Les «cryptomonnaies» ont pris de l’ampleur en ces temps de pandémie et de paiements électroniques pour garantir le respect des distances physiques entre le payeur et le payé. À cet égard, le Grand Conseil tessinois vient d’accepter le lancement d’un projet pilote permettant de payer en bitcoins une partie des charges fiscales des contribuables.

Le sujet des «cryptomonnaies» est complexe et suscite beaucoup d’intérêt pour différentes raisons qui, au-delà de l’économie, concernent aussi la politique et la technologie. Néanmoins, l’essence de ce sujet est d’ordre macroéconomique, c’est-à-dire qu’il s’agit d’assurer le fonctionnement correct du trafic des paiements, afin de garantir la finalité de ceux-ci et, de là, assurer la stabilité financière de l’ensemble du système économique.

Le bitcoin (la «cryptomonnaie» la plus fameuse) ne permet aucunement de garantir ladite stabilité, ni le fonctionnement ordonné du système des paiements, parce que, en réalité, il ne s’agit pas d’un moyen de paiement mais d’un objet qui attire les spéculateurs, surtout lorsqu’ils observent que son prix de marché suit une tendance à la hausse à court terme.

Comme le savent les historiens de l’économie, un phénomène analogue fut déjà observé au XVIIème siècle aux Pays Bas, lorsque le prix des tulipes atteignit (en 1635–36) des niveaux exorbitants, bien au-delà du prix des biens de luxe comme des bijoux ou des châteaux. En 1637, toutefois, cette manie des tulipes termina de manière brutale, lorsque leur prix chuta de manière rapide et vertigineuse, entrainant des pertes financières énormes pour bien des personnes qui s’étaient laissé attirer par cette première bulle spéculative du système capitaliste.

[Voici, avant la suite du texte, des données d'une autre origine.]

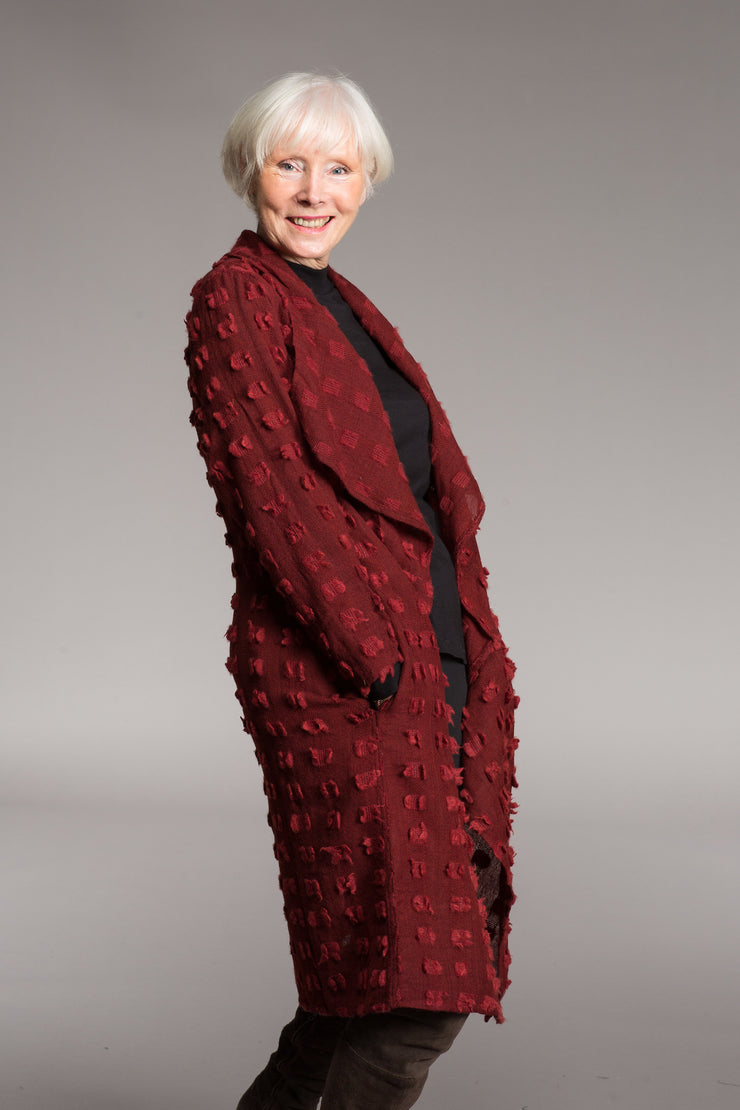 Nellore Jacket in Hand Dyed & Beautifully Woven Tusser Wool- Only S/M 10 TO 14!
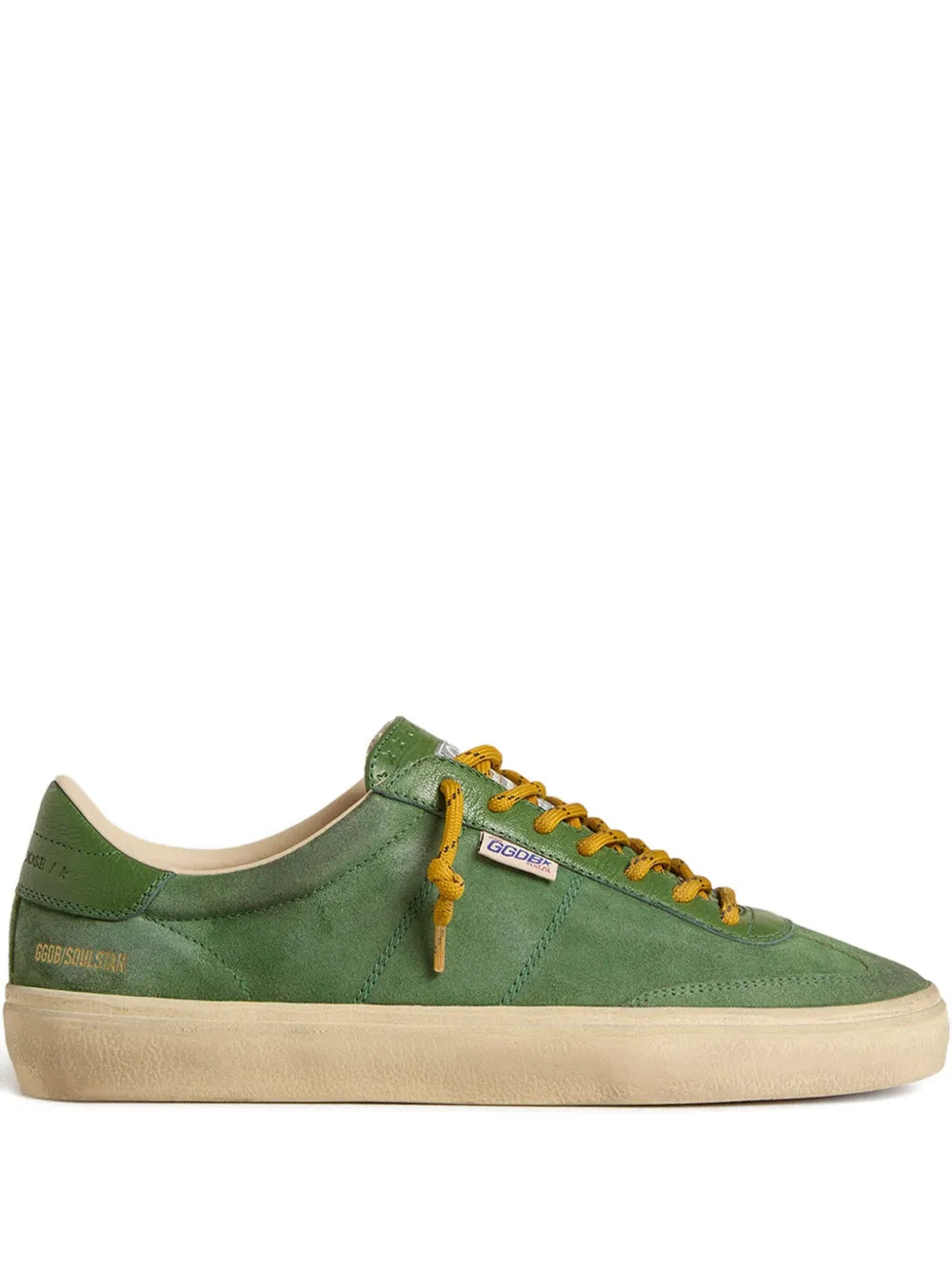 Golden Goose Soul Star green suede sneakers with tan rubber sole and yellow laces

L’État du Canton du Tessin, en réalité, ne va rien gagner en permettant à ses contribuables de payer une partie de leurs charges fiscales en bitcoins. Afin d’éviter justement le risque de change – entendez le risque de perdre de l’argent lorsque les bitcoins sont convertis en francs suisses –, l’État tessinois va demander à une entreprise privée de transformer immédiatement en francs suisses les sommes que les contribuables payeront en bitcoins. Or, cette intermédiation financière ne sera pas gratuite, car l’État devra payer une commission (de l’ordre d’un pour cent) à cette entreprise, perdant dès lors de l’argent qu’il aurait pu encaisser si ces charges fiscales étaient payées en francs suisses plutôt qu’en bitcoins.

Le problème auquel l’État, pas seulement au Tessin, devrait faire face sérieusement ne concerne pas la monnaie mais le revenu: afin de relancer les activités économiques, le secteur public doit, d’un côté, dépenser davantage au bénéfice de la collectivité et, de l’autre côté, redistribuer le revenu et la richesse de manière à soutenir les dépenses de consommation des ménages – et, de là, les entreprises – qui ne pèsent aucunement sur l’environnement. Dans ce cas, alors, les «cryptomonnaies» comme le bitcoin devraient être complètement interdites, vu que leurs systèmes de paiement consomment inutilement beaucoup de courant électrique et de ce fait – contrairement aux tulipes – nuisent à l’environnement.